Oh I think you want a sissy for Brody!!!! LOL....I just know it, I am gettin the vibes !!!


----------



## Brodysmom (Jan 8, 2009)

I am RESISTING! I AM TRYING to resist. Maybe I can resist. LOL.

Brodysmom


----------



## Yoshismom (Jul 6, 2005)

She is a cutie but her little dome head looks a little worrisome? Chibi was that size at that age.


----------



## Brodysmom (Jan 8, 2009)

Maybe she has hydrocephalus? She does have kind of a big head. Especially for her size. Her forehead looks big. The ad says she's perfectly healthy, but geez... that's so tiny!!!


----------



## rcj1095 (Mar 4, 2009)

Oh she's so cute. Reminds me a little of Gia (Gia's way cuter of course). Chloe weighed 1.3 lbs. at 4 months but was much "chubbier". She's bony. If she had hydrocephalus, they would have to disclose that, right? If they know about it?


----------



## roughhouse (Mar 1, 2009)

She is sooooooo tiny! How precious! You need her, you know you do.


----------



## Quinn (Dec 11, 2008)

She is cute, but I could never have one that little. After having Phoebe, who isn't even that little (like 3 lbs hopefully more!) I don't think I'll ever have a teeny tiny dog again, at least not by choice haha. As cute as she is its too much worry for me, because she refuses to behave like she is as delicate as she is LOL.
Schroeder, our new boy, is more like 5-5.5 lbs and that is a more comfortable size for me, even though hes still a small dog.

Enough of my rant haha. She is an adorable little alien though!


----------



## TLI (Sep 3, 2008)

She's a wee wittle baby girl.  She doesn't appear to be hydrocephalous. Usually by that age you could see it in her eyes. They would be pushed downwards, or out to the sides. Gia was even tinier than that at 4 months old.


----------



## Brodysmom (Jan 8, 2009)

Wow, I don't know how you guys do these teeny tiny ones! She looks so small to me! I think Brody is small but he's 4 pounds and sturdy. He leaps all over and doesn't seem fragile at all. Not sure I could deal with something so tiny and delicate! If I had a tiny, it would have to be one like Chloe who has some "body" to her! 

Brodysmom


----------



## TLI (Sep 3, 2008)

rcj1095 said:


> Oh she's so cute. Reminds me a little of Gia (Gia's way cuter of course). Chloe weighed 1.3 lbs. at 4 months but was much "chubbier". She's bony. If she had hydrocephalus, they would have to disclose that, right? If they know about it?

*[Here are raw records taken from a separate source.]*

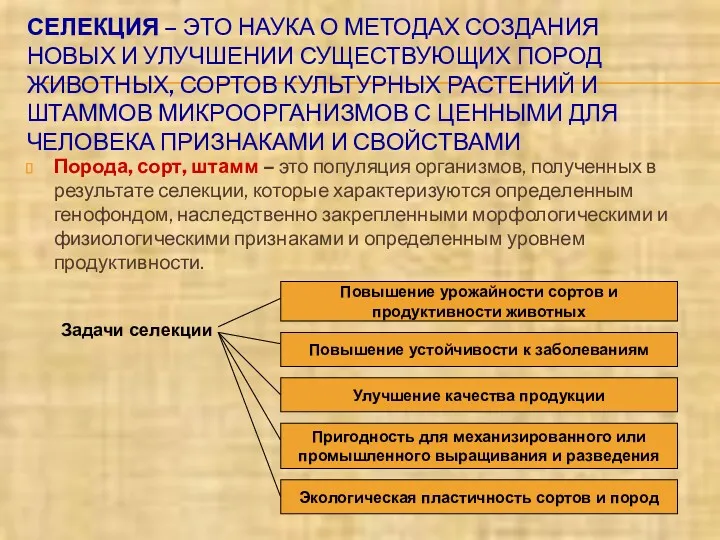 СЕЛЕКЦИЯ – ЭТО НАУКА О МЕТОДАХ СОЗДАНИЯ НОВЫХ И УЛУЧШЕНИИ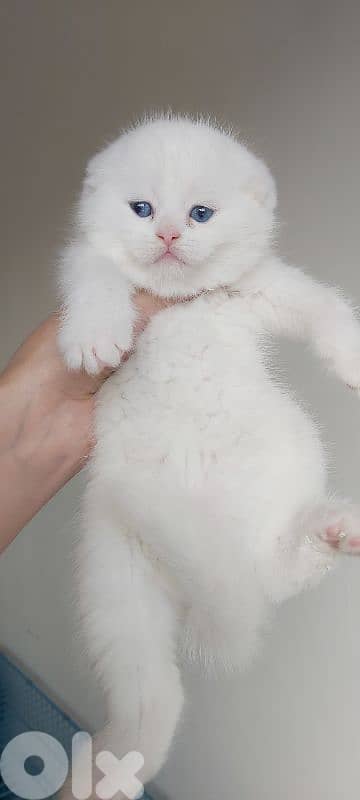 white scottish fold 0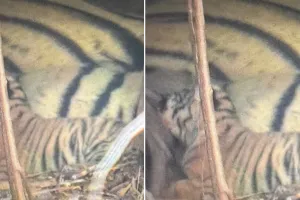 शावक के साथ दिखी बाघिन आरबीटी-124, विभाग कर रहा निगरानी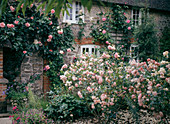 Shrub roses and climbing roses at the house entrance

Robin, isn't Chloe going to be 4 months old on the 9th of this month? My mind has been so all over the place this last 2 weeks, so I may have her BD mixed up. She was born Jan. 9, right?

I'm so used to the "bony" ones, so she looks fine to me. :lol:

Yeah, they have to disclose it if they know she has it. Most Breeders offer some kind of health warranty, so if she had it, they would probably keep her.


----------



## TLI (Sep 3, 2008)

Brodysmom said:


> Wow, I don't know how you guys do these teeny tiny ones! She looks so small to me! I think Brody is small but he's 4 pounds and sturdy. He leaps all over and doesn't seem fragile at all. Not sure I could deal with something so tiny and delicate! If I had a tiny, it would have to be one like Chloe who has some "body" to her!
> 
> Brodysmom


I'll be honest, they are a lot of work. Or I should say you have to watch them constantly. It's worth every second, but time consuming. The hardest part is when they are younger. Round the clock care.


----------



## N*T*M*4U (Nov 10, 2008)

I can't handle tiny ones....too much work!!...she's so cute though......


----------



## carachi (Mar 20, 2005)

She has a very exaggerated head. Poor little cutie pie, result of a bad BYBer


----------



## Mom of 4 Chi's (Apr 3, 2009)

She is very pretty. I'm sure someone is going to snatch her up quick.


----------



## rcj1095 (Mar 4, 2009)

TLI said:


> Robin, isn't Chloe going to be 4 months old on the 9th of this month? My mind has been so all over the place this last 2 weeks, so I may have her BD mixed up. She was born Jan. 9, right?
> 
> I'm so used to the "bony" ones, so she looks fine to me. :lol:
> 
> Yeah, they have to disclose it if they know she has it. Most Breeders offer some kind of health warranty, so if she had it, they would probably keep her.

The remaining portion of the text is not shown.